● **Supplied information**
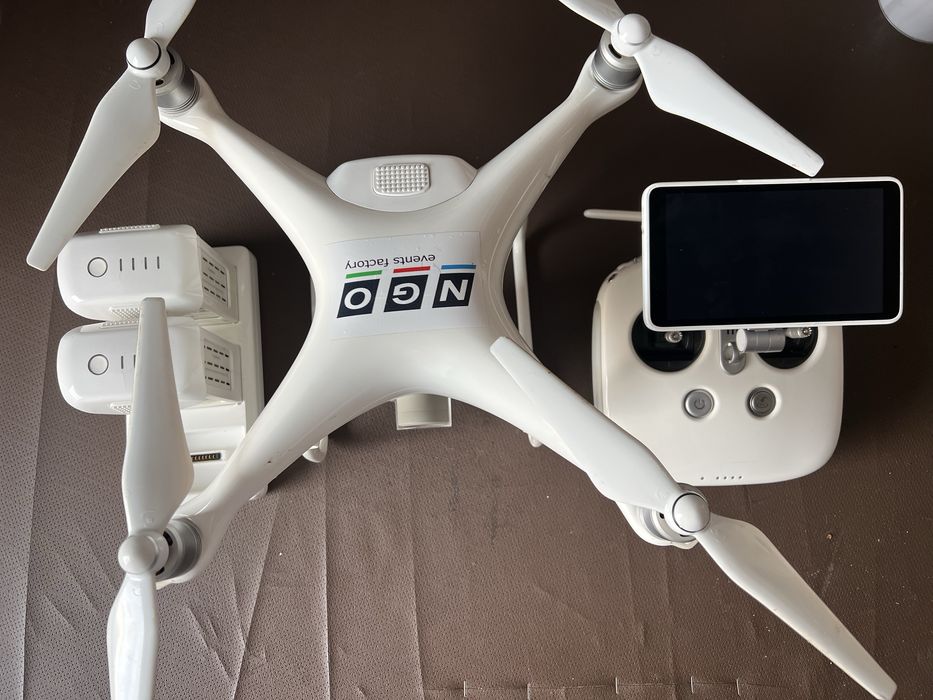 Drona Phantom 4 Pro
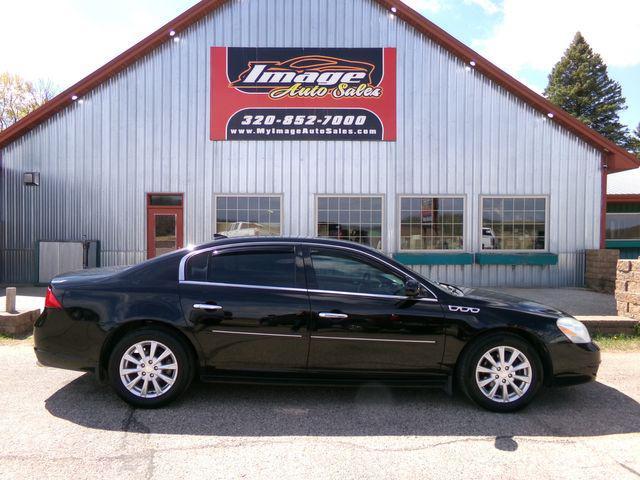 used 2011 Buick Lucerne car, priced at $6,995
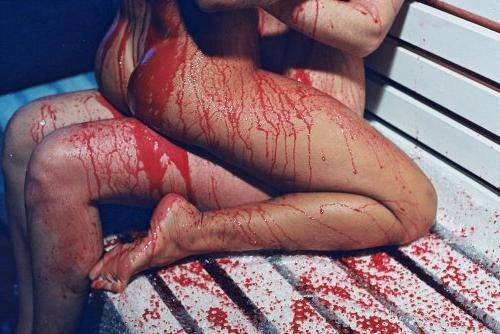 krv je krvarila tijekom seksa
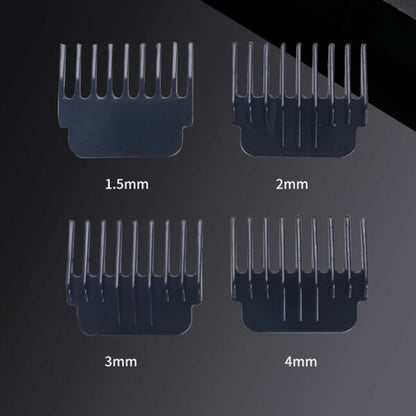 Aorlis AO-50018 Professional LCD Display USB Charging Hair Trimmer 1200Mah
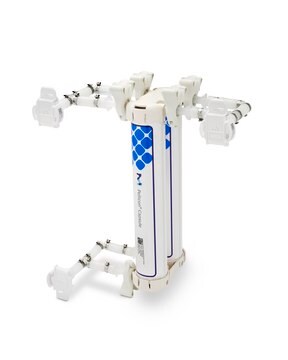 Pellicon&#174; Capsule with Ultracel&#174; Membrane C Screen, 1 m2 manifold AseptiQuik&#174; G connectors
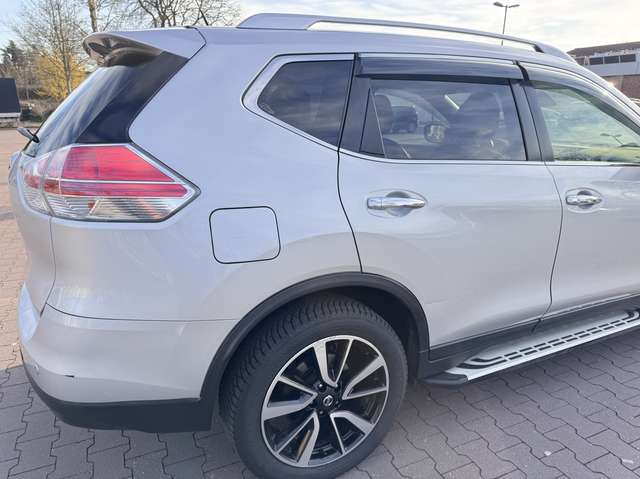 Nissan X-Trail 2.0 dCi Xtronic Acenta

--

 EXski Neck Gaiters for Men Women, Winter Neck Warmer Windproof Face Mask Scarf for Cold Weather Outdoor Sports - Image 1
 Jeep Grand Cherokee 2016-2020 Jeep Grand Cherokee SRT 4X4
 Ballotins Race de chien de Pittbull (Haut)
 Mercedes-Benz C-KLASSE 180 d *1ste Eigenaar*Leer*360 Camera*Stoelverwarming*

● **Assigned task**
Skip every picture, and restate word for word only the lines above from the line containing "used 2011 Buick" to the line containing "Nissan X-Trail 2.0 dCi Xtronic Acenta", both of them included.

● **Written reply**
 used 2011 Buick Lucerne car, priced at $6,995
 krv je krvarila tijekom seksa
 Aorlis AO-50018 Professional LCD Display USB Charging Hair Trimmer 1200Mah
 Pellicon&#174; Capsule with Ultracel&#174; Membrane C Screen, 1 m2 manifold AseptiQuik&#174; G connectors
 Nissan X-Trail 2.0 dCi Xtronic Acenta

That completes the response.